Today the world pauses to celebrate play. But for African children — our children — play was never something that needed a designated day. It was the curriculum.
Long before the first classroom was built on this continent, children were learning. They were learning mathematics through the careful counting of seeds in mancala holes. They were learning strategy through the quiet intensity of bao. They were learning physics — the arc of a throw, the weight of resistance — through the spinning of a hoop down a red-dirt road. They were learning the deep grammar of community through the call-and-response of chase games played as the sun dropped behind the acacia trees.
Play was not the break from learning. Play was the learning.
What science confirms, our grandmothers always knew
Contemporary research now confirms what indigenous African pedagogies understood intuitively: play is not a luxury. It is how the human brain builds itself. Through play, children develop executive function — the ability to plan, regulate emotions, and hold multiple ideas at once. They build language. They rehearse social dynamics. They experience failure at low stakes and learn to recover.
Unstructured, child-led play in particular develops a kind of creative resilience that no worksheet can replicate. When a child decides to build a toy car from wire and bottle caps — as children across East Africa have done for generations — she is not just being creative. She is an engineer. A problem-solver. Someone who looks at the world and asks, what can I make from what I have?
Play is the highest form of research. African children were researchers long before that word existed in the vocabulary of formal education.
The games we are forgetting
Here is the uncomfortable truth we must sit with today: African traditional games are disappearing. Not because they stopped being valuable. But because we stopped treating them as valuable.
Walk into a toy shop in Nairobi, Accra, or Lagos. You will find shelves of LEGO, chess sets, Scrabble, and Monopoly. You will find very little that reflects the play traditions of the continent on which that shop stands. And if you scroll through the wish lists of our children, you will find the same pattern — a quiet erasure dressed up in colourful packaging.
This is not a small thing. When a child plays, they are not just having fun — they are absorbing a worldview. LEGO teaches individual construction. Monopoly teaches a specific theory of ownership and competition. Chess, for all its brilliance, encodes a European medieval hierarchy. None of these are inherently wrong. But if they are all a child ever plays, they grow up shaped entirely by someone else’s imagination of the world.
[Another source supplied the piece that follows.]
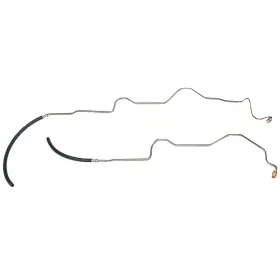 637369 Jegs Transmission Cooler Lines For 2000-2002 Jeep Wrangler 4.0l Steel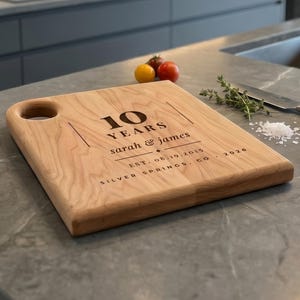 Square Maple Cutting Board – Handmade Minimalist Wood Board for Charcuterie & Prep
Bao / Mancala East & Central Africa
One of the oldest board games on earth. Teaches strategic thinking, counting, and forward planning across multiple moves. It uses complex mathematical strategy to capture opponents' pieces
Ampe Ghanaian
Shisima
Morabaraba, Southern Africa
These are not primitive games waiting to be replaced. These are sophisticated knowledge systems encoded in joy. Bao has been studied by mathematicians for its combinatorial complexity. Morabaraba demands the kind of abstract thinking we now pay premium prices to teach children through apps. Our children deserve to inherit these.
The cost of forgetting
When we replace African traditional games wholesale with Western ones, we are not just changing what children do with their afternoons. We are shaping what they believe is worth knowing. We are quietly communicating that the knowledge that came before — the knowledge carried in these games — was inferior. Childish, even.
A child who grows up never playing bao, never building a wire car, never being initiated into the rules of a game passed down from her great-grandmother — that child has lost access to a living connection with her own intellectual tradition. She may become educated. But she will carry a gap where her inheritance should be.
This is not nostalgia. This is about identity architecture. What we play shapes who we believe we are. And who we believe we are shapes what we build next.
A question for every African parent
Can your child name three traditional games from your culture? Can they teach those games to someone else? If not — not as a judgment, but as an honest inventory — something has been interrupted. And it is our generation’s work to restore it.
Reclaiming play as pedagogy
At Zyami, we do not believe this is irreversible. Cultural memory is resilient. It waits. All it needs is a generation of parents willing to remember — and to make remembering a priority, not a performance.
This does not mean rejecting LEGO or chess. Children can hold both. They can be fluent in many play traditions. But fluency in your own tradition must come first. The child who knows where she comes from can go anywhere. The child who has been given everyone else’s tradition but her own is always, in some small way, a guest in the world.
Today, on the International Day of Play, we invite you to do one simple thing: play an old game. Teach it the way it was taught to you, or research it if you never learned it. Let your children see that their ancestors were not waiting for the West to invent something worth playing with.
They already knew how to play. We just forgot to remember.